Antwoord op vragen van de leden Bergkamp en Den Boer over het bericht dat er minder festivals georganiseerd moeten worden om drugsgebruik tegen te gaan

In antwoord op uw brief van 15 juli 2019 deel ik u mee dat de schriftelijke vragen van de leden Bergkamp en Den Boer (beide D66) inzake het bericht dat er minder festivals georganiseerd moeten worden om drugsgebruik tegen te gaan, worden beantwoord zoals aangegeven in de bijlage bij deze brief.

De Minister van Justitie en Veiligheid,

Ferd Grapperhaus

Antwoorden Kamervragen van de leden Bergkamp en Den Boer (beide D66) aan de minister van justitie en veiligheid over het bericht dat er minder festivals georganiseerd moeten worden om drugsgebruik tegen te gaan (ingezonden 15 juli 2019; nr. 2019Z15117)

Vraag 1

Heeft u kennisgenomen van het bericht ‘Meer nodig tegen drugscriminaliteit’ in de Telegraaf van 11 juli 2019?

Antwoord op vraag 1

Ja.

Vraag 2

Staat u nog steeds achter de uitspraak dat er minder festivals georganiseerd moeten worden om drugsgebruik tegen te gaan?

Antwoord op vraag 2

Ik pleit niet voor een afname van het aantal festivals als zodanig.
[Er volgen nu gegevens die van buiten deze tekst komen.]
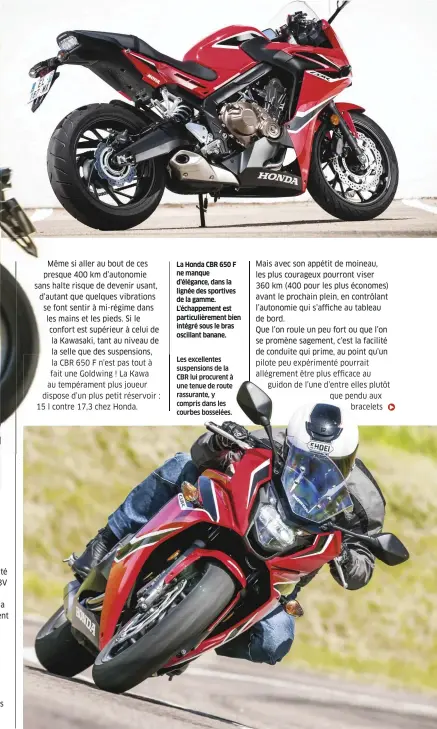  ??  ?? La Honda CBR 650 F ne manque d'élégance, dans la lignée des sportives de la gamme. L'échappemen­t est particuliè­rement bien intégré sous le bras oscillant banane.
Les excellente­s suspension­s de la CBR lui procurent à une tenue de route rassurante, y...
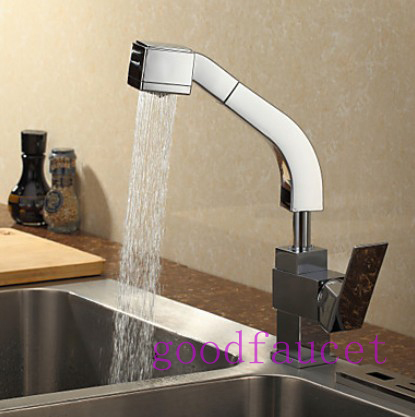 !Chrome Brass Pull Out Kitchen Faucet Dual Spout Single Handle Vessel Mixer Hot & Cold Water Tap Adjustable Height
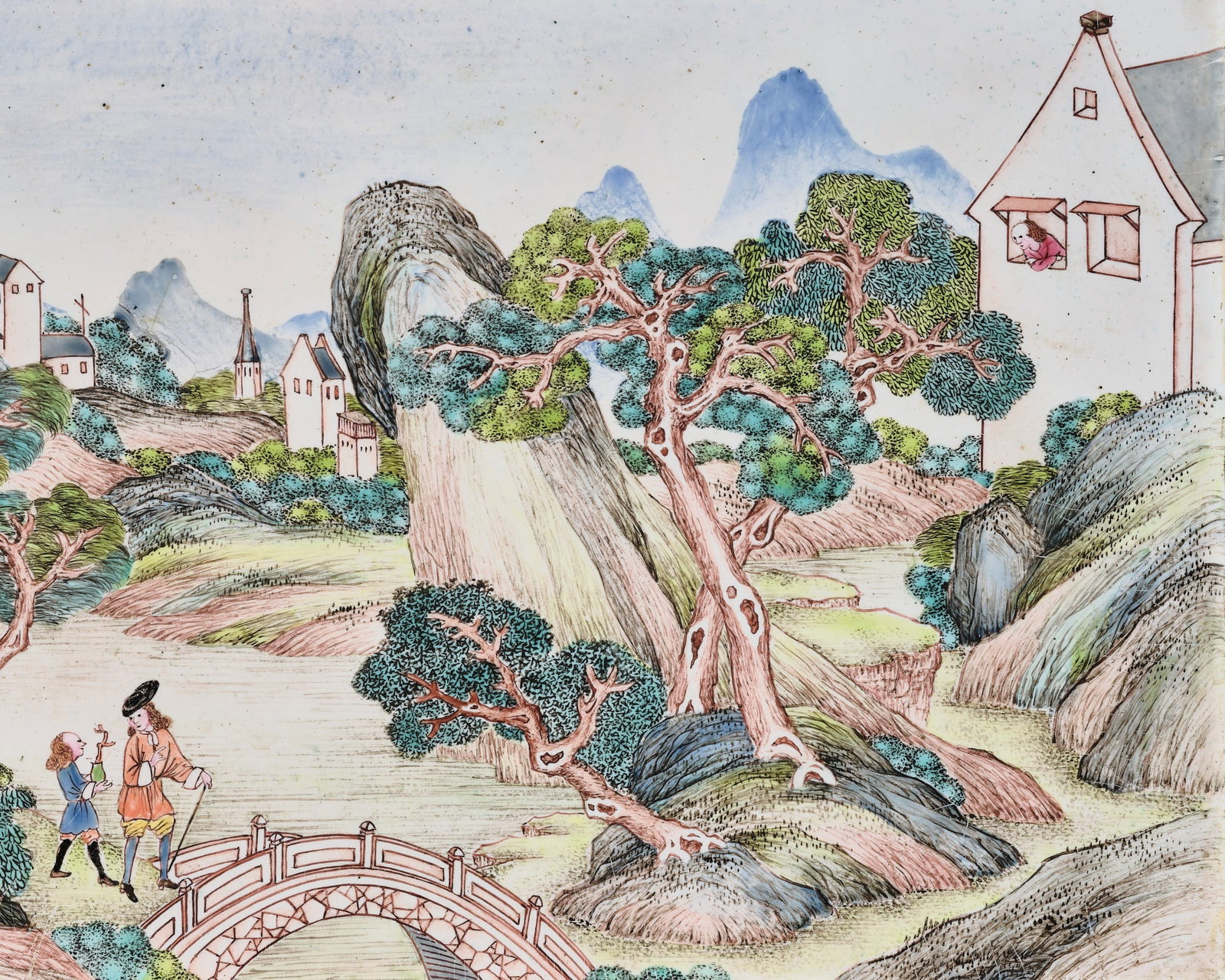 AN 'IMPERIAL TRIBUTE' DOUBLE-SIDED ENAMEL PANEL WITH A EUROPEAN SUBJECT, 18TH CENTURY: AN 'IMPERIAL TRIBUTE' DOUBLE-SIDED ENAMEL PANEL WITH A EUROPEAN SUBJECT, 18TH CENTURY Expert's note: Imperial Tribute refers to the formal gifts and offerings presented to the Chinese emperor by local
In het artikel heb ik gezegd dat we met elkaar kritisch moeten zijn op de vraag of we de handhaving van het verbod op het bezit van harddrugs tijdens festivals aan kunnen. Daar sta ik nog steeds volledig achter. Veel festivals kennen een ‘zero tolerance’ beleid ten aanzien van harddrugs. Dit kan vooralsnog niet verhinderen dat het gebruik van harddrugs op festivals hoog is. De mate waarin politiecapaciteit kan worden ingezet om strafrechtelijk op te treden tegen bezoekers die meer dan de gebruikershoeveelheid bij zich hebben verschilt per festival, maar is niet onbegrensd. Voorafgaand aan het organiseren van een festival zou daarom nadrukkelijker de vraag kunnen worden gesteld of het verbod op bezit van harddrugs en de handel daarin effectief zal kunnen worden gehandhaafd. Dit is echter een afweging die lokaal moet worden gemaakt. Afhankelijk van de beantwoording van die vraag zou het gevolg kunnen zijn dat het aantal festivals afneemt.

Vraag 3

Deelt u de mening dat het organiseren van festivals een gemeentelijke aangelegenheid is waar het Rijk niets over te zeggen heeft?

Antwoord op vraag 3

Het is aan de lokale driehoek om afspraken te maken over de benodigde politie-inzet bij evenementen. Ook bepalen gemeenten zelf welke eisen zij stellen aan de organisatoren van festivals. Ik ga met al deze partijen het gesprek voeren over de wijze waarop tot een meer eenduidig en effectief beleid ten aanzien van de aanpak van drugs op festivals kan worden gekomen, zoals ik uw Kamer in mijn brief van 9 juli jl. heb geschreven. [1]

Vraag 4

Deelt u voorts de mening dat festivals positieve en gezellige uitingen van cultuur zijn, waar mensen naartoe komen om van hun favoriete muziek te genieten en te ontspannen met gelijkgestemden? Zo nee, waarom niet?

Antwoord op vraag 4

Dat kunnen festivals zijn, waarbij ik opmerk dat het gebruik van illegale drugs geen voorwaarde is om van een festival te kunnen genieten.

Vraag 5

Kunt u ingaan op het inzicht van experts dat het organiseren van minder festivals kan leiden tot een grotere underground scene waar nog minder controle is op het gebruik van drugs en op de gezondheid van aanwezigen?

Vraag 6

Deelt u de mening dat het minder organiseren van festivals om drugsgebruik te voorkomen zijn doel voorbij schiet, net zoals wij mensen ook niet oproepen minder de weg op te gaan om inzet van de verkeerspolitie te beperken?

Antwoord op vraag 5 en 6

Als gezegd pleit ik niet voor een afname van het aantal festivals. Wel zou, zoals aangegeven in het antwoord op vraag 2, voorafgaand aan het organiseren van een festival de vraag moeten worden gesteld of het verbod op bezit van harddrugs en de handel daarin effectief zal kunnen worden gehandhaafd op een festival.



[1] Kamerstukken II 2018-2019, 24 077 / 29 911, nr. 427.